The film is the winner of 30 awards at international film festivals. In a vision of inspiring creation, director Paley combines animation, collage, photography, hand-painted watercolors, mythology, shadow-puppets and autobiography to retell the 3,000 year old Indian epic the Ramayana, as well as the story of her own collapsing marriage, all scored to the soundtrack of 1920s and ’30s jazz/blues singer Annette Henshaw, a contemporary of Bessie Smith.

Paley found herself drawn to reading the Ramayana, an ancient Hindu epic, when her marriage was dissolving. She said “Sita Sings the Blues” is a musical, animated personal interpretation of the Indian epic. The aspect of the story that she focuses on is the relationship between Sita and Rama, who are gods incarnated as human beings, “and even they can’t make their marriage work.”

“And then there’s my story.

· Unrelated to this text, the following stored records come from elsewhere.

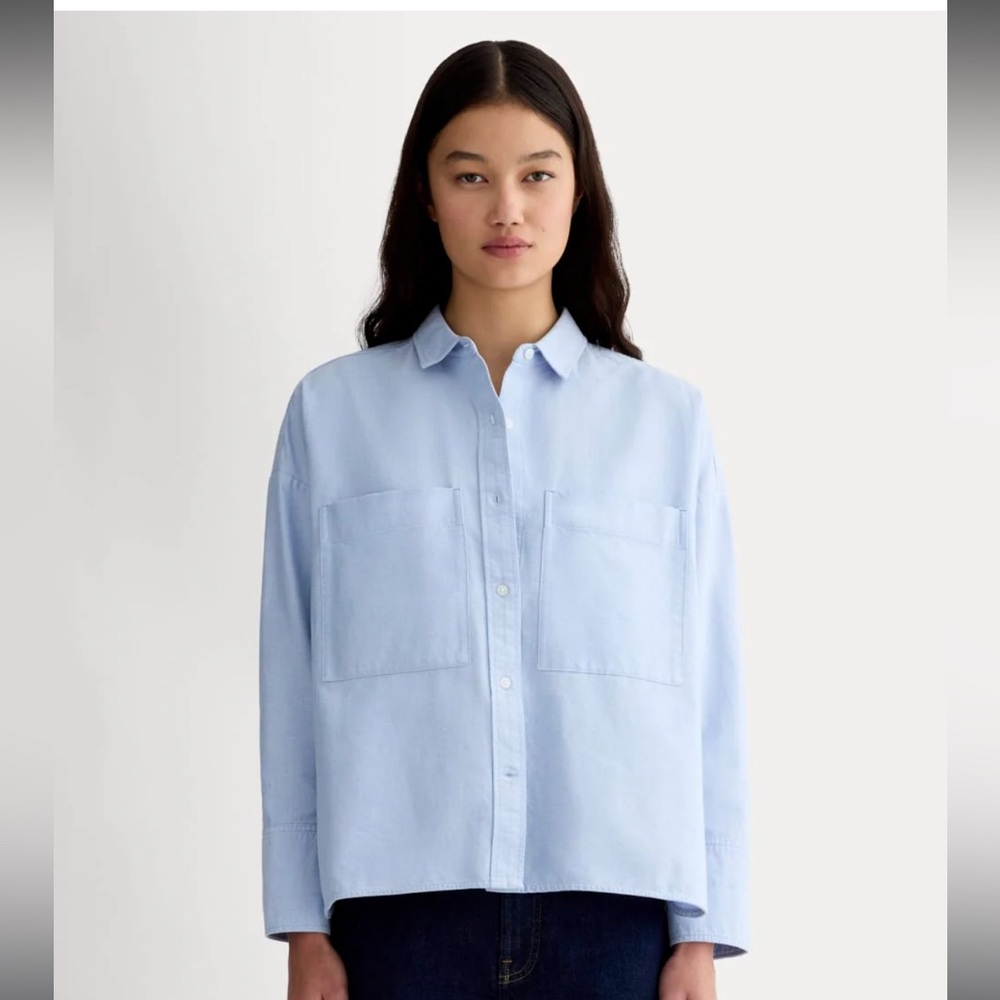 Everlane Light Blue Boxy Oxford Shirt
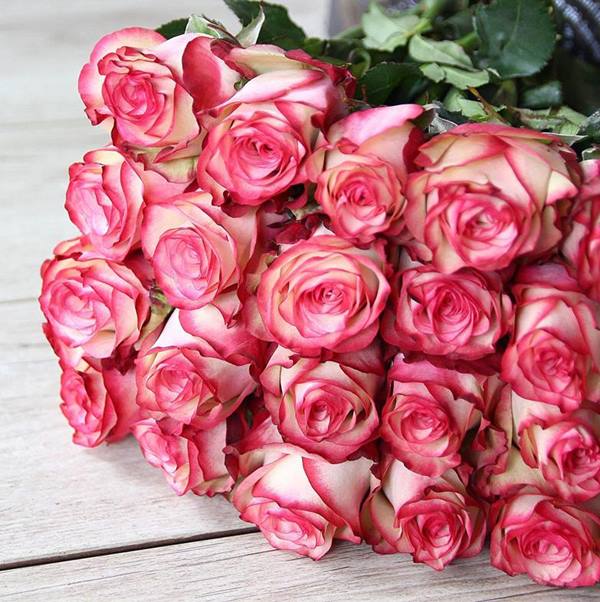Hoa hồng Ecuador Rose Paloma
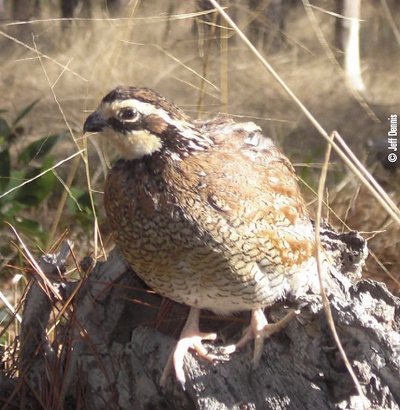 quail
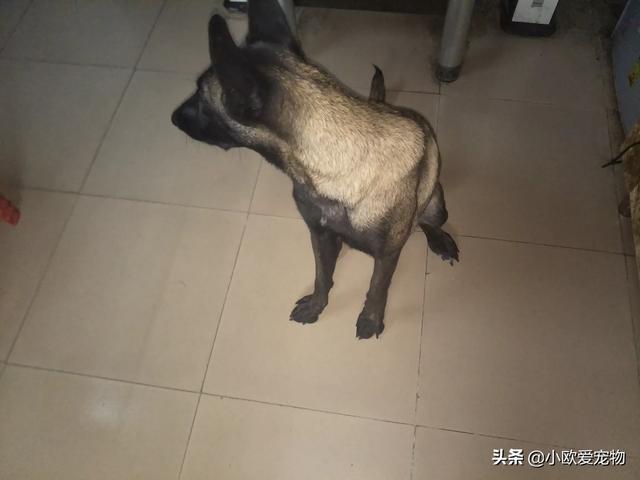 比利时马犬和德牧:昆明犬真的不如马犬、德国牧羊犬吗？到底哪个好？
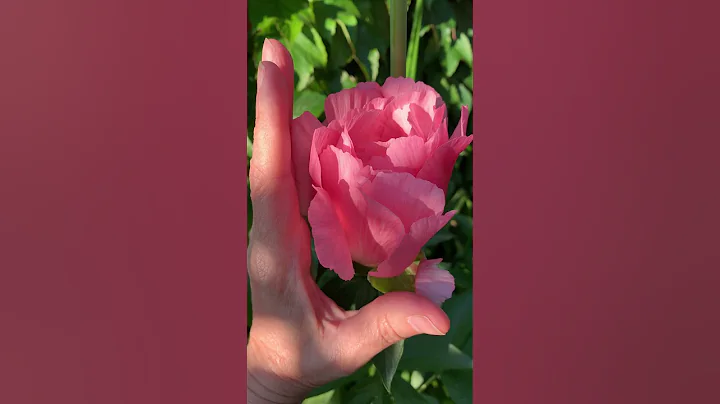 Paeonia 'Cameo Lullaby' (Roy G. Klehm,2000)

I’m just an ordinary human, who also can’t make her marriage work … I was moved by the story and it seemed to speak so much to my life at the time, my problems at the time. It was a very personal project from the beginning,” Paley said.

The film mixes autobiographical bits with commentary by three shadow puppets, voiced by Manish Acharya, Aseem Chhabra and Bhavana Nagaulapally, who playfully discuss the Ramayana among themselves. Their lines are completely unscripted. The actors are from different regions of India, speak different mother tongues and grew up on different versions of the story.

“There is no one Ramayana. Their discussion makes this clear,” said Paley.